What you need to do: Restate every record word for word, without the pictures.

[[ Data shown open ]]

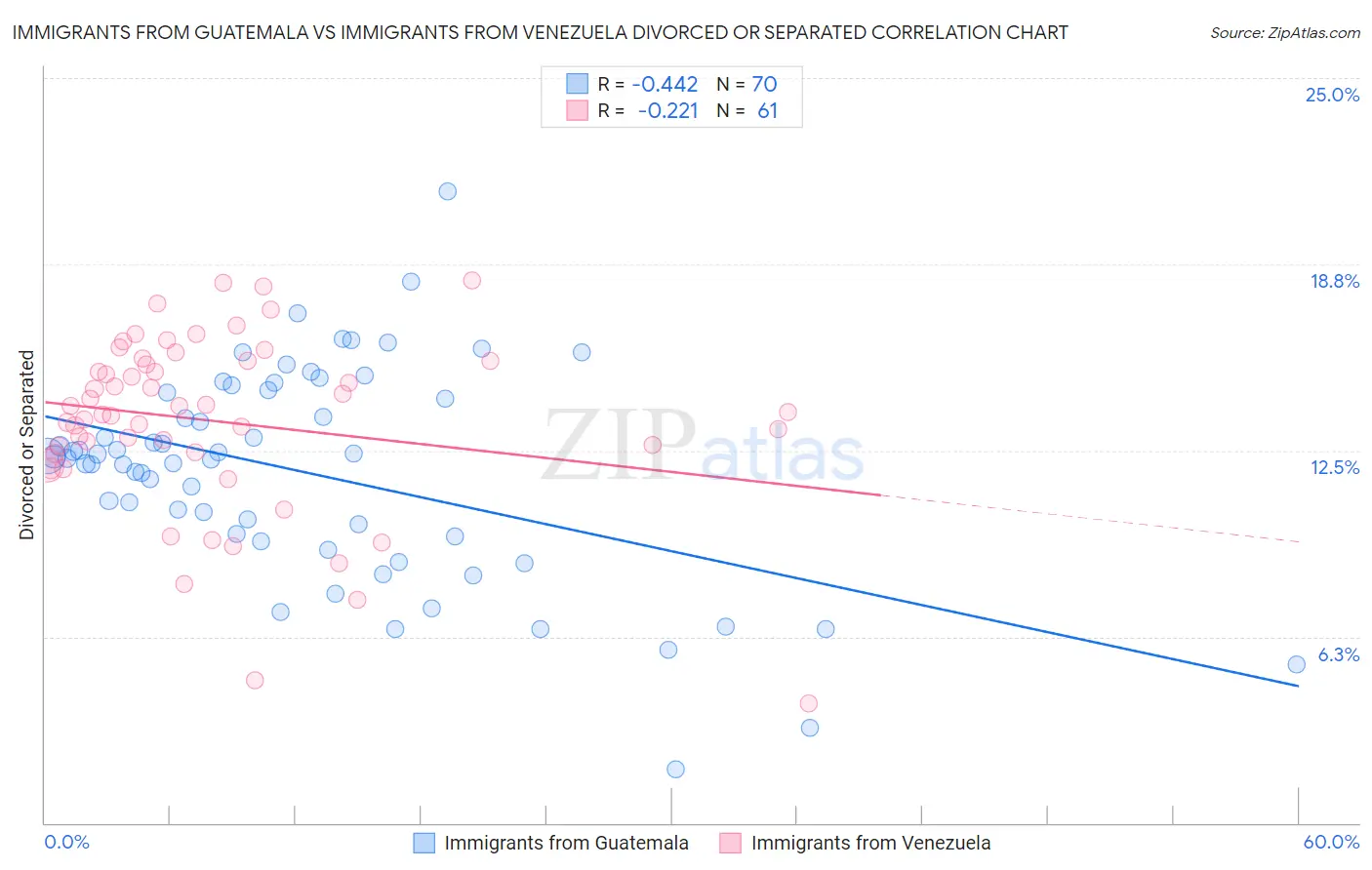 Immigrants from Guatemala vs Immigrants from Venezuela Divorced or Separated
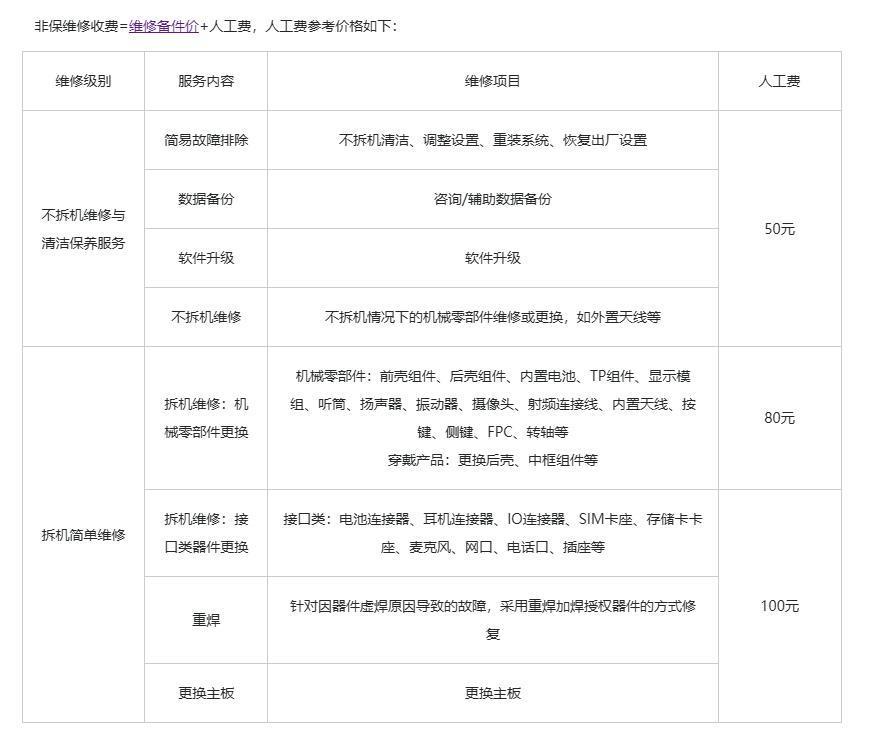 华为 Mate 60 / 60 Pro 手机备件价格公布，屏幕 1199 元起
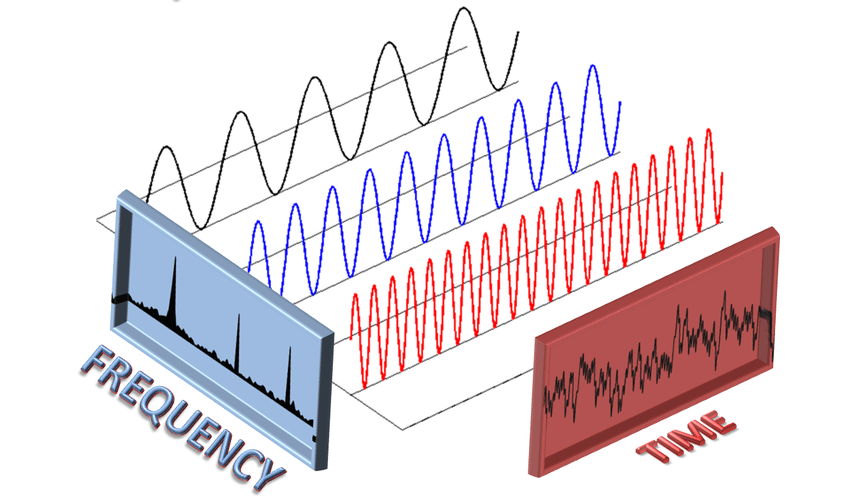 Fundamentals, Overtones, Harmonics, Oh My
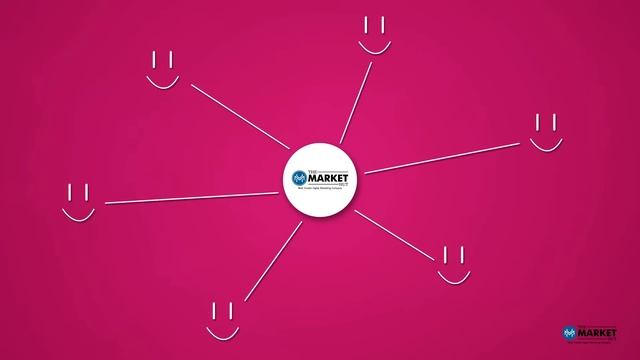 Best SEO Services In US | Cheap Seo Services | Affordable SEO Services in USA 2021 - The Market Hut смотреть онлайн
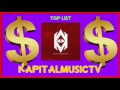 How much KAPITALMUSICTV made money on YouTube { In February 2016 }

[[ Data shown closed ]]

Solution below:
 Immigrants from Guatemala vs Immigrants from Venezuela Divorced or Separated
 华为 Mate 60 / 60 Pro 手机备件价格公布，屏幕 1199 元起
 Fundamentals, Overtones, Harmonics, Oh My
 Best SEO Services In US | Cheap Seo Services | Affordable SEO Services in USA 2021 - The Market Hut смотреть онлайн
 How much KAPITALMUSICTV made money on YouTube { In February 2016 }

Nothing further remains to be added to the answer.